TASK DESCRIPTION: Copy the data below exactly. Any pictures in it should be omitted.

Image-text web data:

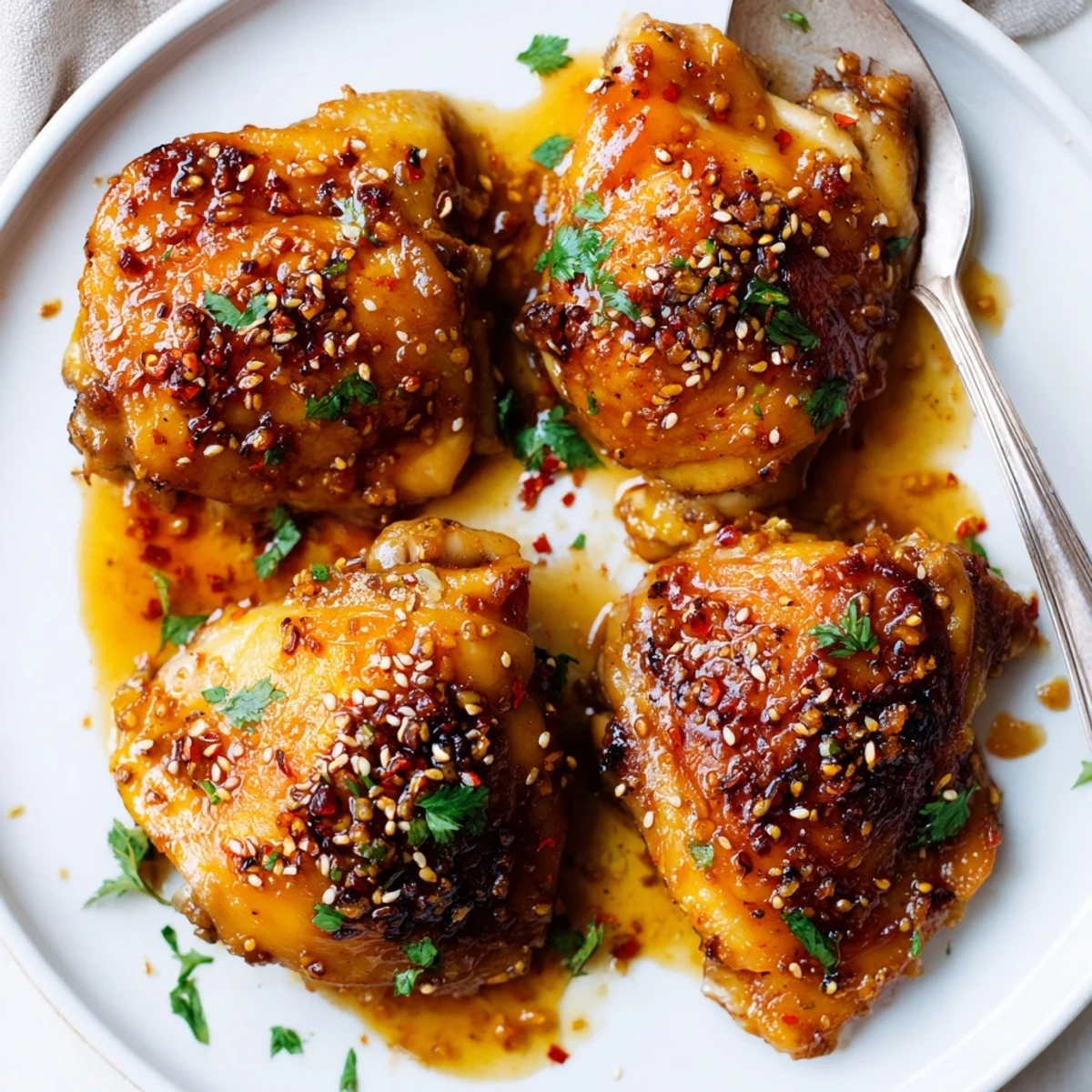 Served over jasmine rice, Sweet And Sticky Honey Butter Chicken Thighs shine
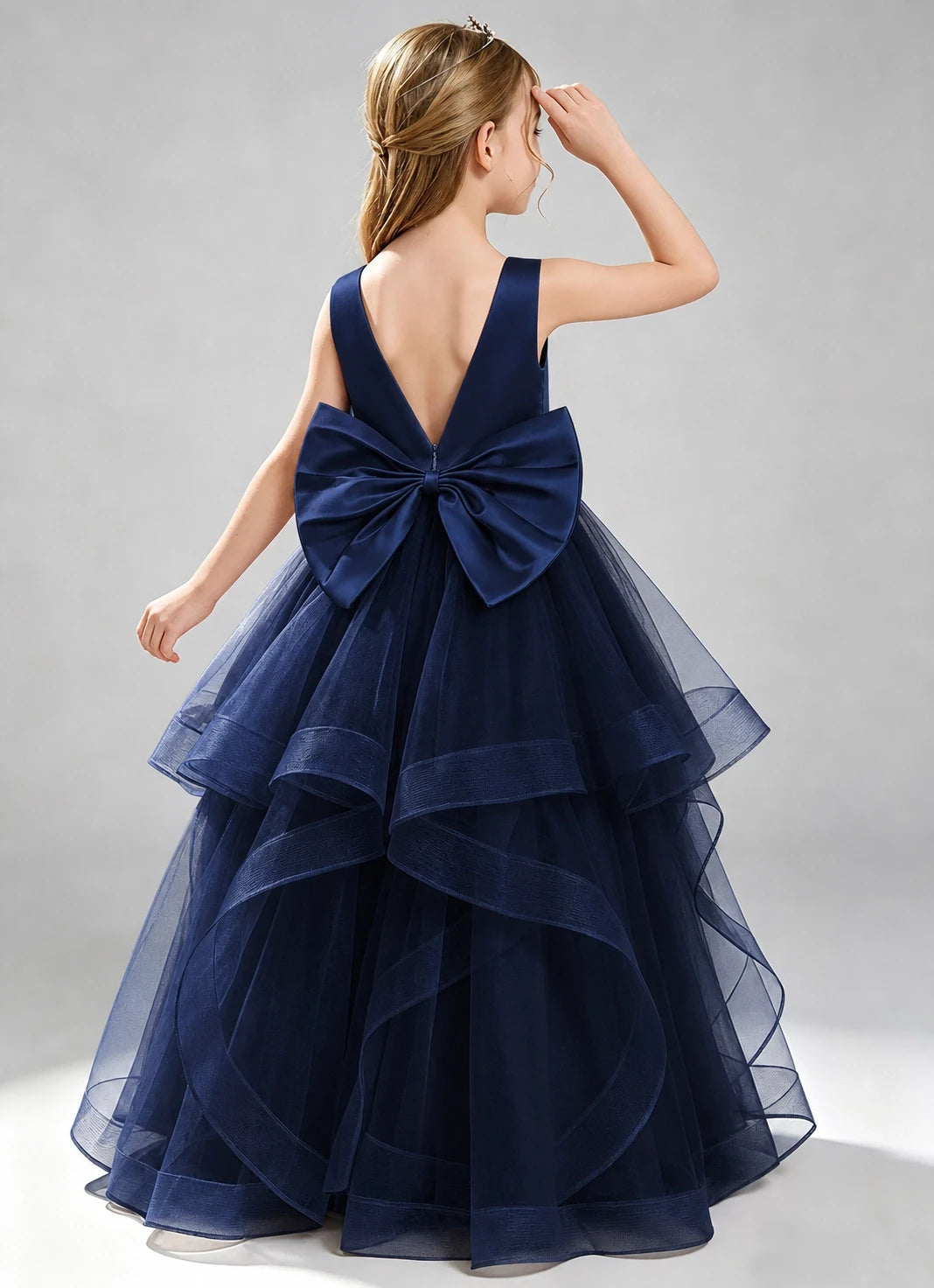 Navy Blue Flower Girl Dress Layered Tulle Princess Ball Gown Back View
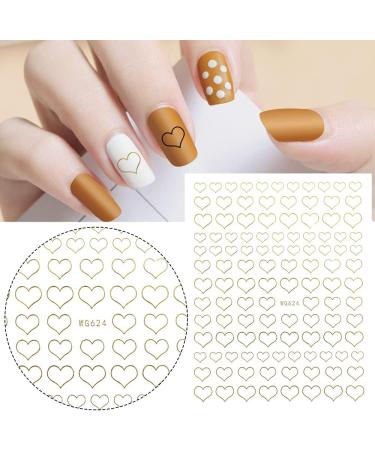 1 PC 2021 Simple Nails Accessories Gold Summer Diy Slider Nail Sticker 3D Love Heart Design(red) - Buy Online on GoSupps.com
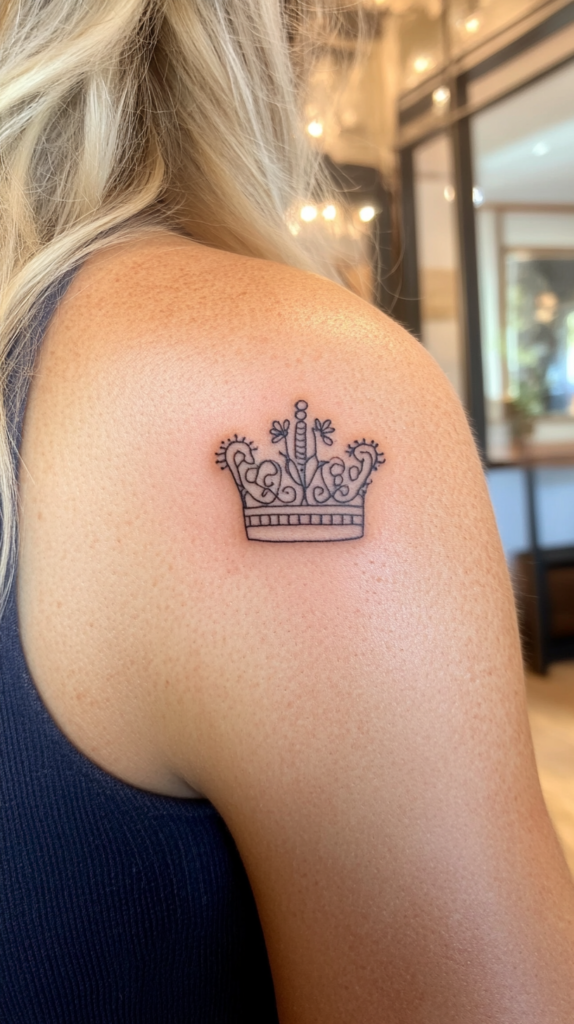 15. Etched Crown Tattoo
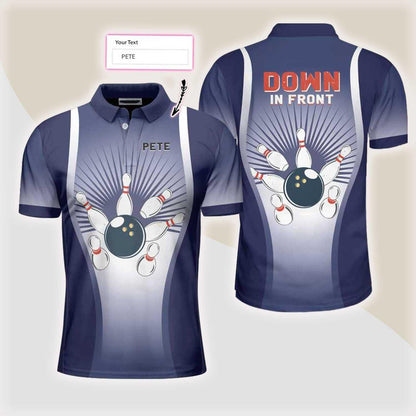 Bowling Men Polo Shirt Custom Name- Down In Front Bowling Personalized Bowling Polo Shirt - Gift For Friend, Family, Bowling Lovers - Amzanimalsgift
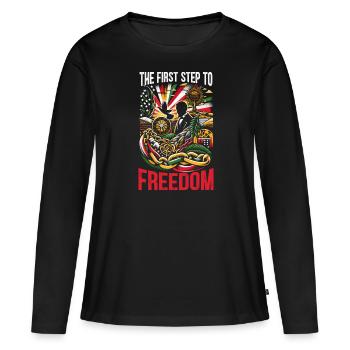 Proclamation d’émancipation African Juneteenth - T-shirt manches longues Premium bio Femme - noir - Devant - Julia (174cm)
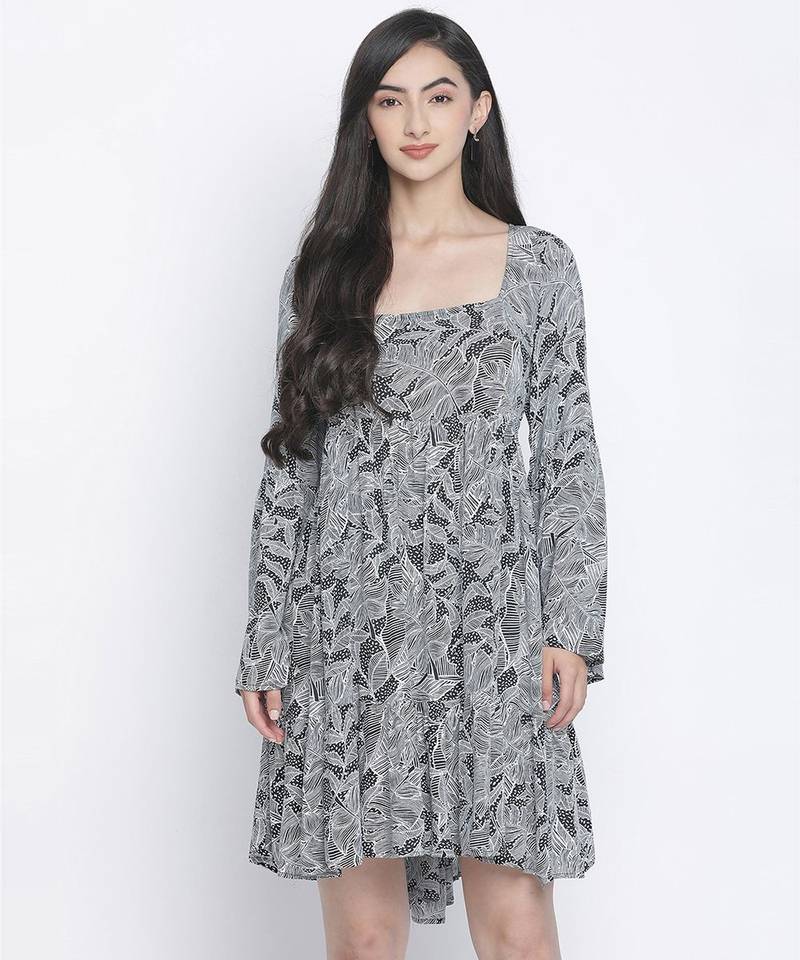 Twinx black tropical print women dress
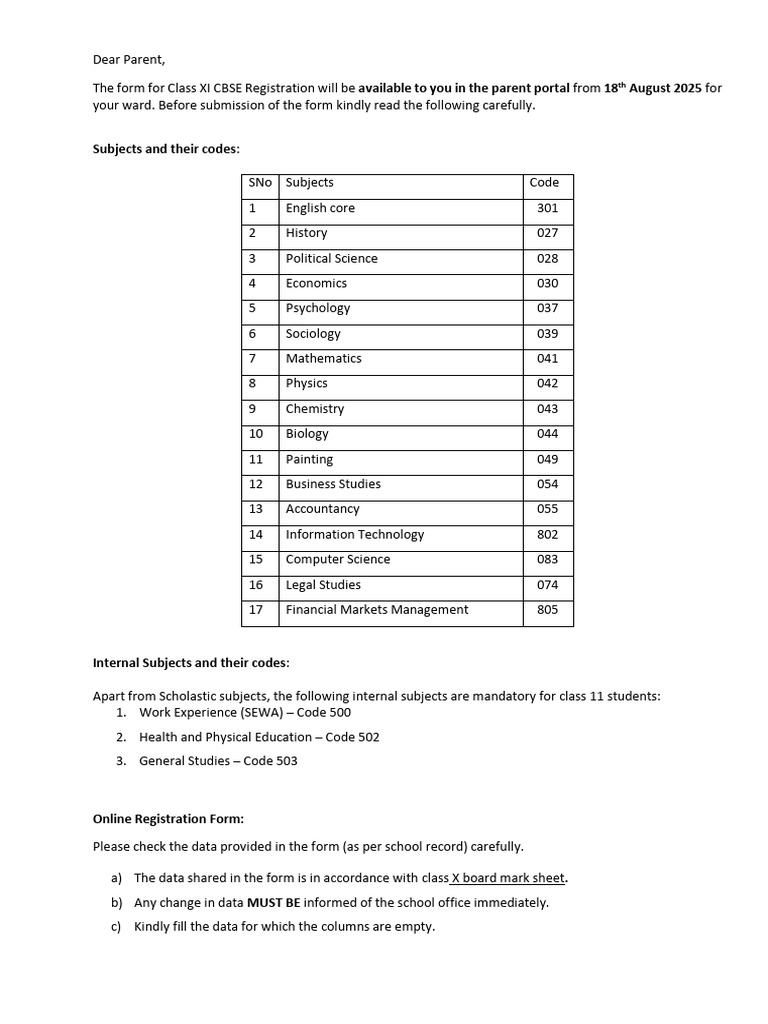 Class XI CBSE Registration Guide 2025 | PDF | Science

YOUR SOLUTION:
 Served over jasmine rice, Sweet And Sticky Honey Butter Chicken Thighs shine
 Navy Blue Flower Girl Dress Layered Tulle Princess Ball Gown Back View
 1 PC 2021 Simple Nails Accessories Gold Summer Diy Slider Nail Sticker 3D Love Heart Design(red) - Buy Online on GoSupps.com
 15. Etched Crown Tattoo
 Bowling Men Polo Shirt Custom Name- Down In Front Bowling Personalized Bowling Polo Shirt - Gift For Friend, Family, Bowling Lovers - Amzanimalsgift
 Proclamation d’émancipation African Juneteenth - T-shirt manches longues Premium bio Femme - noir - Devant - Julia (174cm)
 Twinx black tropical print women dress
 Class XI CBSE Registration Guide 2025 | PDF | Science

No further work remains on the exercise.